[Task to carry out] Among the records that follow, find the line with "rci_asia's tweet photo." and the line with "Pallet televisies retourgoederen". Set down those lines and all lines between them exactly, without adding anything.
Segment Start: Data for processing
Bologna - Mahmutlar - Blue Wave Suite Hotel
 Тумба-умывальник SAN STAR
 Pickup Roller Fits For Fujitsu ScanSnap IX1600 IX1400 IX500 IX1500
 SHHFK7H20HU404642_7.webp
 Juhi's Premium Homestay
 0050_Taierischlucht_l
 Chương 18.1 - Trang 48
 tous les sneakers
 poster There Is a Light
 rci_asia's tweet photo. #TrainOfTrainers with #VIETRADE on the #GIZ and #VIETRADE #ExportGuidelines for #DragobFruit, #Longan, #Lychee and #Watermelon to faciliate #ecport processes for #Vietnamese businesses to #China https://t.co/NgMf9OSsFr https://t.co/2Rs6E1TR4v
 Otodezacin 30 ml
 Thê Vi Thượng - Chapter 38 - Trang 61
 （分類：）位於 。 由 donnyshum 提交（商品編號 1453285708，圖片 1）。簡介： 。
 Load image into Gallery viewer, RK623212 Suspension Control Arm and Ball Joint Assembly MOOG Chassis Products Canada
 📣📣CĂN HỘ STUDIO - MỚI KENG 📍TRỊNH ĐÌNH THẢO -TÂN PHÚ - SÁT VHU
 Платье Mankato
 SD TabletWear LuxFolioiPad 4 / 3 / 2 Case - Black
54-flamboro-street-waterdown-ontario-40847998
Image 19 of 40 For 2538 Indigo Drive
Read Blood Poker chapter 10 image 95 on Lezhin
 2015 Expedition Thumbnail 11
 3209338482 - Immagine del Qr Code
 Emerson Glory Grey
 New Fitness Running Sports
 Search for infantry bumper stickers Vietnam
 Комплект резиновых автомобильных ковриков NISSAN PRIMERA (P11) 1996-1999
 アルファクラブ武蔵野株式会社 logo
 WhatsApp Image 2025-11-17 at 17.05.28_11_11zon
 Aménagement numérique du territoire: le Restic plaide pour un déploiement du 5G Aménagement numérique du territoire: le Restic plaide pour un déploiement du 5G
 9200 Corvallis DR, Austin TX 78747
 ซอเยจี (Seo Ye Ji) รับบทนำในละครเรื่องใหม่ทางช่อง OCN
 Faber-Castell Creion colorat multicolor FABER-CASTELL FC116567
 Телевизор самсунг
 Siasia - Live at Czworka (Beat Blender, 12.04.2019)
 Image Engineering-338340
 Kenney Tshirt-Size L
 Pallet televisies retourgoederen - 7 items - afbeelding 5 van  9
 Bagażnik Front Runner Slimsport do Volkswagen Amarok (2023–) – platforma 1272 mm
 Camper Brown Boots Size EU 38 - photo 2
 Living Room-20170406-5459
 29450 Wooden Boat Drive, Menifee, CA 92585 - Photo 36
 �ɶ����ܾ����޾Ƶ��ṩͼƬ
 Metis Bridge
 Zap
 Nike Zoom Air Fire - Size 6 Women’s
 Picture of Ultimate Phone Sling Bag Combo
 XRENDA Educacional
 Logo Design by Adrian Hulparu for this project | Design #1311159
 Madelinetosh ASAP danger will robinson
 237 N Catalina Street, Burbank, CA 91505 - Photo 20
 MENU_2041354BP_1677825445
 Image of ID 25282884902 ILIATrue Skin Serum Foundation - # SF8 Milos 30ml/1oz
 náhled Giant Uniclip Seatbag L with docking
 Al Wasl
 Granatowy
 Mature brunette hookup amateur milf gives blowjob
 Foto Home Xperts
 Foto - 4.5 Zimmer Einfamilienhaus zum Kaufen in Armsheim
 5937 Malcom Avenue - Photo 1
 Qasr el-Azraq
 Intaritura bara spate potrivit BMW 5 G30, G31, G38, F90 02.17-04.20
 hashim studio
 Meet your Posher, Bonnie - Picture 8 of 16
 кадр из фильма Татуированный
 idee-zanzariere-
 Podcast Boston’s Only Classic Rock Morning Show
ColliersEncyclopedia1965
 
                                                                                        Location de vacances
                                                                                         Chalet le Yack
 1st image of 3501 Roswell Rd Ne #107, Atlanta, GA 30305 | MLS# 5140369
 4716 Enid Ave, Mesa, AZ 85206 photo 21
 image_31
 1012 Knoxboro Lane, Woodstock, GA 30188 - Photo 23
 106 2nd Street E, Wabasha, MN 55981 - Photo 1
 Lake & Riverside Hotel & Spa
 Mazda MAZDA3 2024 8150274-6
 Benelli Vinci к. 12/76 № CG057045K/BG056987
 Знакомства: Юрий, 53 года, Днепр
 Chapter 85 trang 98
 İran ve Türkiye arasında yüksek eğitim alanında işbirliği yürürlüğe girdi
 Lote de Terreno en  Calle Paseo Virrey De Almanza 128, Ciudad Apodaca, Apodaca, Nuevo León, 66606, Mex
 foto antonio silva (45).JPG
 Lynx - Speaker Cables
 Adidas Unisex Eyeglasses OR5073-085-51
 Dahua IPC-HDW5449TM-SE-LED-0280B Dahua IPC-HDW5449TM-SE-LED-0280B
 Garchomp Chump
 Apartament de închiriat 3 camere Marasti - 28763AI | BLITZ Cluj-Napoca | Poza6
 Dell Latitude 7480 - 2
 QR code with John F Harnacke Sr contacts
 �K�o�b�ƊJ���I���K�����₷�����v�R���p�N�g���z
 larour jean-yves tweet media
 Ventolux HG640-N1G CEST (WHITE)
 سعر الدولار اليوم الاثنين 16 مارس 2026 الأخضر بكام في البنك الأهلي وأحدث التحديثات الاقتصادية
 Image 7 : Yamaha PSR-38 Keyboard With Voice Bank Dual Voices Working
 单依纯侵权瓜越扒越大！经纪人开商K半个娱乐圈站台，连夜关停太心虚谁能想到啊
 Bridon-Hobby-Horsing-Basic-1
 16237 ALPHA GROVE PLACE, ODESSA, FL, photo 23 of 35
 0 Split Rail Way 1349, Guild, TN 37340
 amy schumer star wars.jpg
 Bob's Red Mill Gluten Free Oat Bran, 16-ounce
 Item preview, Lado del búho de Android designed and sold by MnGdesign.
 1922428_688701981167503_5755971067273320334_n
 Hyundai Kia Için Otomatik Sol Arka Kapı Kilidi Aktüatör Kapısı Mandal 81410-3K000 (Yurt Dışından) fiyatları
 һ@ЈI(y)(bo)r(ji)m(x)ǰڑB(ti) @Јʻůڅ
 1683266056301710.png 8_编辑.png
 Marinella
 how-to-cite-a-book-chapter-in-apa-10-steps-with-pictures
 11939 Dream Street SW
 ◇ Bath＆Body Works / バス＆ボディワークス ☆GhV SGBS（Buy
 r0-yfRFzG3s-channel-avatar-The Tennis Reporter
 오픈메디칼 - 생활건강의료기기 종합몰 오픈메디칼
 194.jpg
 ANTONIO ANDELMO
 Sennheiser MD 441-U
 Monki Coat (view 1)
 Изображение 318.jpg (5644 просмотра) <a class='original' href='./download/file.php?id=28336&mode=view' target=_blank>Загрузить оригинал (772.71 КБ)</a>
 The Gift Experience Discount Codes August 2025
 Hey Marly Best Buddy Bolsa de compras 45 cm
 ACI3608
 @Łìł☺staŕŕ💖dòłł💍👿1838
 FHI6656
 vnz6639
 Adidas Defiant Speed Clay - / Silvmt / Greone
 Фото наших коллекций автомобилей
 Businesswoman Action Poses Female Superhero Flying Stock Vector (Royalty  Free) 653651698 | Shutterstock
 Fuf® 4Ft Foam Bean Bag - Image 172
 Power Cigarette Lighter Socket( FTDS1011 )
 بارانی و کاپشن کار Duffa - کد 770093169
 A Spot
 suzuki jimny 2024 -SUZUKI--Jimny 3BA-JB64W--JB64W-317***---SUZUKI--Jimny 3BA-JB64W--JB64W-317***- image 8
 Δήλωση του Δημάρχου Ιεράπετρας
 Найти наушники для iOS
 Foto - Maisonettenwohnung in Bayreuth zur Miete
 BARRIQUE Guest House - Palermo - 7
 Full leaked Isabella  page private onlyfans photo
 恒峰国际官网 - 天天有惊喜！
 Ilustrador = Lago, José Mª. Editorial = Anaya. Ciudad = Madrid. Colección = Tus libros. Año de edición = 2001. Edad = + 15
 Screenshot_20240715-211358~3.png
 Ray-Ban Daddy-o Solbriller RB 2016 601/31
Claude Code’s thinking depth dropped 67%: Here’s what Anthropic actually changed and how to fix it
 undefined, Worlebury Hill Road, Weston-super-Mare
Segment End: Data for processing
[Answer section]
 rci_asia's tweet photo. #TrainOfTrainers with #VIETRADE on the #GIZ and #VIETRADE #ExportGuidelines for #DragobFruit, #Longan, #Lychee and #Watermelon to faciliate #ecport processes for #Vietnamese businesses to #China https://t.co/NgMf9OSsFr https://t.co/2Rs6E1TR4v
 Otodezacin 30 ml
 Thê Vi Thượng - Chapter 38 - Trang 61
 （分類：）位於 。 由 donnyshum 提交（商品編號 1453285708，圖片 1）。簡介： 。
 Load image into Gallery viewer, RK623212 Suspension Control Arm and Ball Joint Assembly MOOG Chassis Products Canada
 📣📣CĂN HỘ STUDIO - MỚI KENG 📍TRỊNH ĐÌNH THẢO -TÂN PHÚ - SÁT VHU
 Платье Mankato
 SD TabletWear LuxFolioiPad 4 / 3 / 2 Case - Black
54-flamboro-street-waterdown-ontario-40847998
Image 19 of 40 For 2538 Indigo Drive
Read Blood Poker chapter 10 image 95 on Lezhin
 2015 Expedition Thumbnail 11
 3209338482 - Immagine del Qr Code
 Emerson Glory Grey
 New Fitness Running Sports
 Search for infantry bumper stickers Vietnam
 Комплект резиновых автомобильных ковриков NISSAN PRIMERA (P11) 1996-1999
 アルファクラブ武蔵野株式会社 logo
 WhatsApp Image 2025-11-17 at 17.05.28_11_11zon
 Aménagement numérique du territoire: le Restic plaide pour un déploiement du 5G Aménagement numérique du territoire: le Restic plaide pour un déploiement du 5G
 9200 Corvallis DR, Austin TX 78747
 ซอเยจี (Seo Ye Ji) รับบทนำในละครเรื่องใหม่ทางช่อง OCN
 Faber-Castell Creion colorat multicolor FABER-CASTELL FC116567
 Телевизор самсунг
 Siasia - Live at Czworka (Beat Blender, 12.04.2019)
 Image Engineering-338340
 Kenney Tshirt-Size L
 Pallet televisies retourgoederen - 7 items - afbeelding 5 van  9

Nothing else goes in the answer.